▸ **Provided material**:
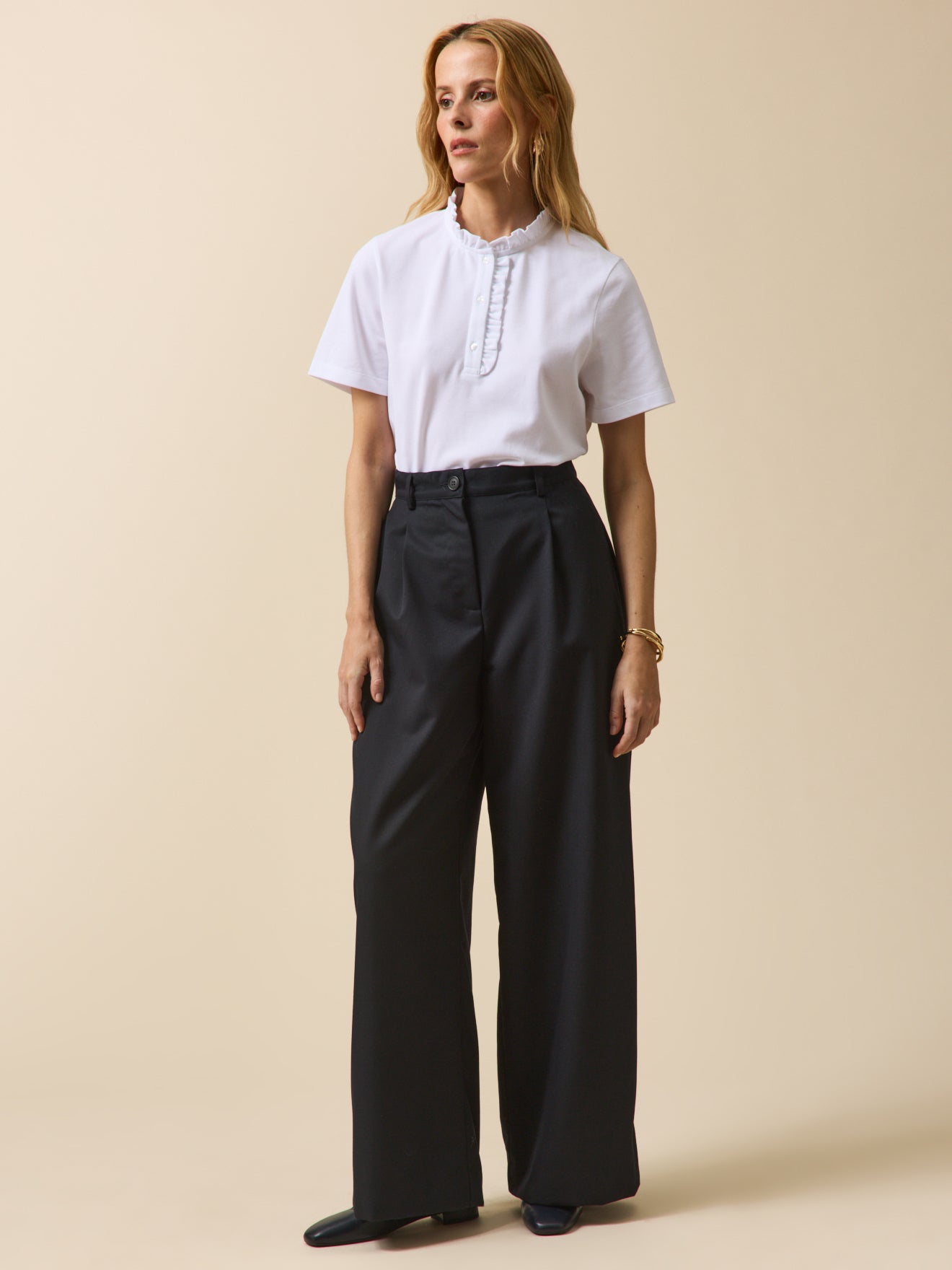 Damespolo met strookjes - piquétricot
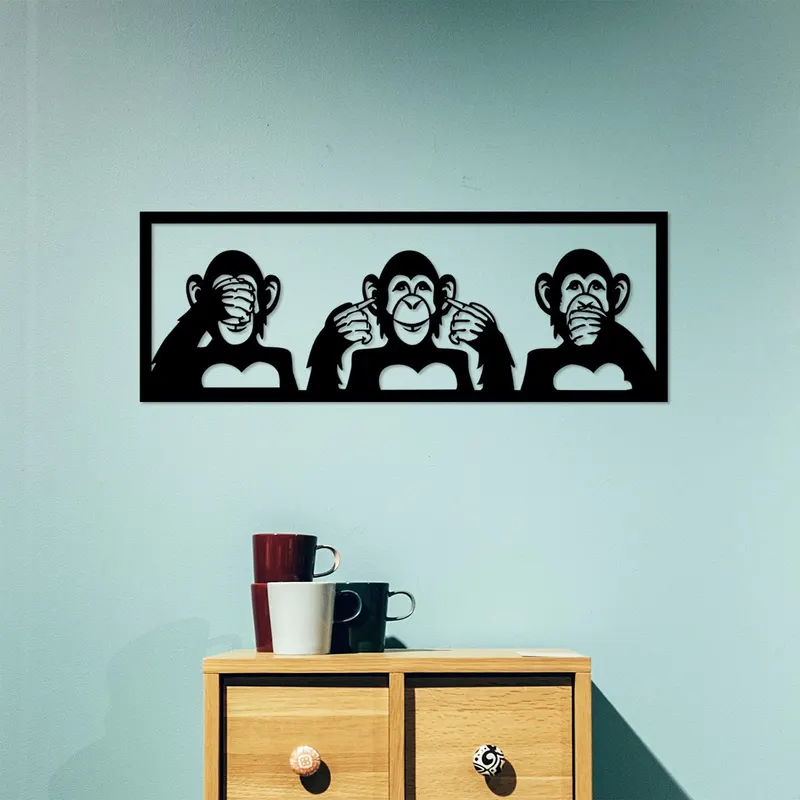 Decoratiune de perete Metal Three Monkeys - L, Negru, 36x1x100 cm - Negru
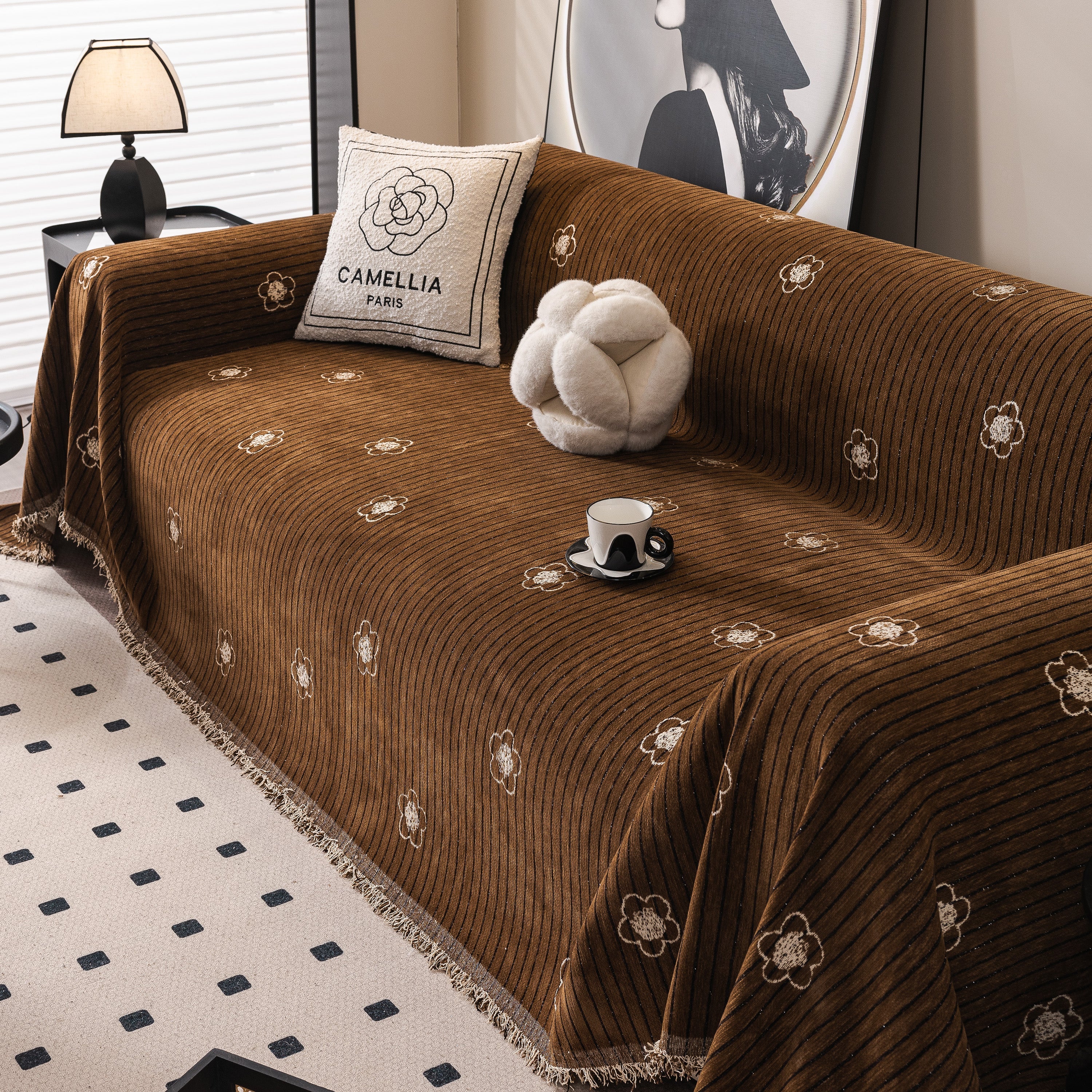 Chenille Camellia Floral Sofa Throw Cover Couch Blanket with Striped Jacquard - Image 99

▸ **Exercise objective**: Print the listing exactly, images excluded.

▸ **Exercise answer**:
 Damespolo met strookjes - piquétricot
 Decoratiune de perete Metal Three Monkeys - L, Negru, 36x1x100 cm - Negru
 Chenille Camellia Floral Sofa Throw Cover Couch Blanket with Striped Jacquard - Image 99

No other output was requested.